Warehousing Reliability in Temperature Controlled Industries

More often than not, when evaluating an end to end supply chain, companies consider their temperature control requirements as a given.  Within several industry standards in the healthcare, perishables, food and others, common temperature ranges such as 15°C-25°C, 2°C-8°C, -20°C are found.

Under Panamanian law, decree 197, Panama is considered a Zone 4b region. This signifies a very humid, tropical climate. With temperature averages between 28°C – 33°C and relative humidity averaging 75% with spikes up to 90%, having truly reliable infrastructure and monitoring for warehousing is key for our customers.

Redundancy is a key concept when evaluating the best way to operate around these conditions, both on the infrastructure and monitoring levels.  J. Cain & Co. targets infrastructure reliability through several proactive and preventive measures.

Considering installing twice the capacity required to maintain specific temperature ranges in our temperature-controlled facilities.

Operationally this translates for example, to a cold room which will have two refrigeration units installed, but based on our validation protocol, the cold room is validated to operate and maintain 2°C-8°C with just one operating unit.  This is applied to all our key critical warehousing areas. 

Back-up generation is another key concept in redundancy and reliability.  All J. Cain facilities have validated back-up generators installed.  For areas with quick variation times, where temperatures will be impacted more quickly, such 2°C-8°C or -20°C, a second back-up generator is installed and in-place.

The other side of reliability is monitoring. 

A true logistics operator and partner must not only guarantee on an operational level, but also on a consistent monitoring level. 

J. Cain utilizes a certified program for live monitoring 24/7.  Through more than 100 sensors installed in our critical areas based on a mapping process, we are one-click away from visualizing current temperature information, historical data, and operational system status. 

This system is also configured to alert via e-mail any pre-alarm or alarm based on the solicited standards. In addition to this program, audio-visual alarms are installed in the facility, which, through an independent monitoring system, generate alarms based on predetermined guidelines. 

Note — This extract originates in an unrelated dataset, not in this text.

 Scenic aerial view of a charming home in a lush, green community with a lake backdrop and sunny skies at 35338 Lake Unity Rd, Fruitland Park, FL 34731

Finally, and more critically, a third-party service provider monitors our facilities 24/7 through another independent monitoring system.  This service generates phone-calls to a predetermined list of personnel who are qualified in defining next steps based on our business continuity plan. In addition to all these reliability and monitoring tactics, manual tests are placed in strategic areas throughout our temperature-controlled facilities for validation in-case needed.

So, what occurs if everything goes wrong? 

A well-developed business continuity plan must be in place.  J. Cain relies on its well-trained multi-disciplinary teams to act quickly if required.  Combining cold chain experts, quality and maintenance personnel, we are prepared and trained to act quickly and diligently if everything else goes wrong.  This allows our customers to rest assured, that their valuable regional inventory is in good hands.